Updated on 2024-11-13 GMT+08:00

ALM-43029 JDBCServer Job Submission Timed Out

This section applies only to MRS 3.5.0 or later.

Alarm Description

After a user submits a JDBC job, the system attempts to create a JDBCServer process and establish a session connection. This alarm is generated if the preset thresholds are exceeded before the connection is established. There are two configuration parameters affecting alarm triggering:

  • spark.thriftserver.proxy.create.session.monitor.enabled: whether to enable the alarm function. The default value is true for the cluster.
  • spark.thriftserver.proxy.create.session.timeout.threshold: Maximum time allowed for submitting a JDBC job. This alarm is reported when the system detects that the job does not start after the threshold is exceeded. The unit is second. The default value is 180s.

Alarm Attributes

Alarm ID

Alarm Severity

Auto Cleared

43029

Major

No

Alarm Parameters

Type

Parameter

Description

Location Information

Source

Specifies the cluster for which the alarm was generated.

ServiceName

Specifies the service for which the alarm was generated.

RoleName

Specifies the role for which the alarm was generated.

HostName

Specifies the host for which the alarm was generated.

Additional Information

User_Queue

Name of the user who submits the alarm and the queue for which the alarm is generated.

Impact on the System

The JDBC job submission time increases due to high system load, which may also affect the job execution efficiency. The job can start properly after this alarm is reported because the detection is asynchronous.

Possible Causes

The JDBCServer on the node is overloaded. The cluster health reflected by the system metrics and job execution status is not good.

Handling Procedure

Check the JDBCServer instance for which the alarm is generated.

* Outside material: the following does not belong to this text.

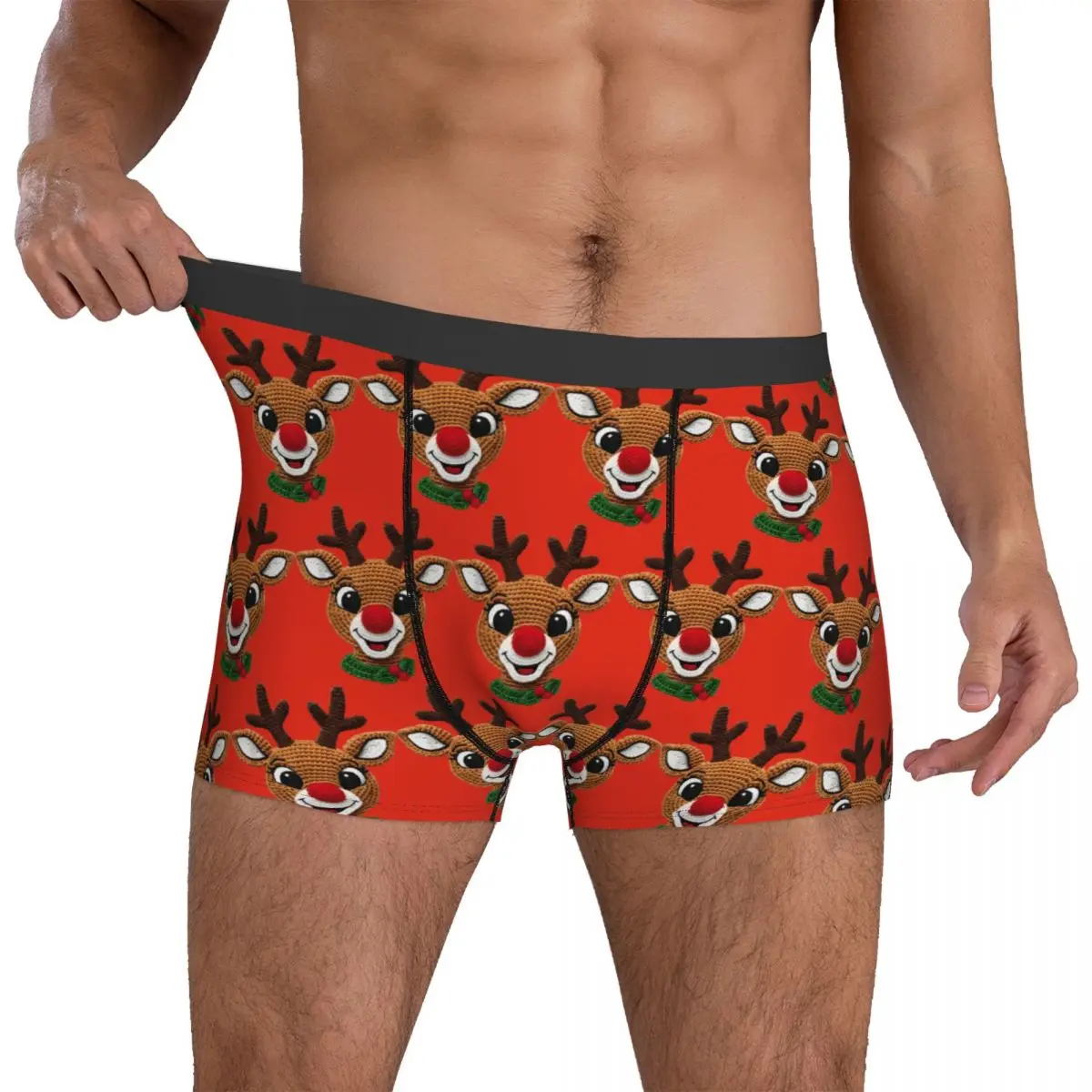 Cute Reindeer Rudolph Crochet Xmas Underwear Male Panties Print Classic Trunk Trenky Boxer Brief Plus Size 2XL
Cute Reindeer Rudolph Crochet Xmas Underwear Male Panties Print Classic Trunk Trenky Boxer Brief Plus Size 2XL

  1. On FusionInsight Manager, choose O&M > Alarm > Alarms and select the alarm whose ID is 43029. Check the role name and the IP address of the host where the alarm is generated in Location. Check the username and queue in Additional Information.

Re-executing Affected JDBCServer Jobs

  1. Choose Cluster > Services > Yarn > ResourceManager (Active) to log in to the YARN web UI. Find the corresponding application based on the username and queue name in Additional Information and check whether the job submission is affected based on the driver log and Spark UI. Confirm and record the affected job to execute it again.
  2. On FusionInsight Manager, choose Cluster > Services > Spark > Instances, click the JDBCServer for which this alarm is generated, and choose More > Restart Instance.
  3. Choose O&M > Alarm > Alarms, search for the reported alarm, and click Clear in the Operation column.
  4. Execute the affected job and check whether the alarm is triggered again for the job.

    • If no, no further action is required.
    • If yes, go to 6.

Collect fault information.

  1. On FusionInsight Manager, choose O&M. In the navigation pane on the left, choose Log > Download.
  2. Expand the Service drop-down list, and select Spark for the target cluster.
  3. Click the edit icon in the upper right corner, and set Start Date and End Date for log collection to 10 minutes ahead of and after the alarm generation time, respectively. Then, click Download.
  4. Contact O&M engineers and provide the collected logs.

Alarm Clearance

This alarm needs to be cleared manually.

Related Information

None.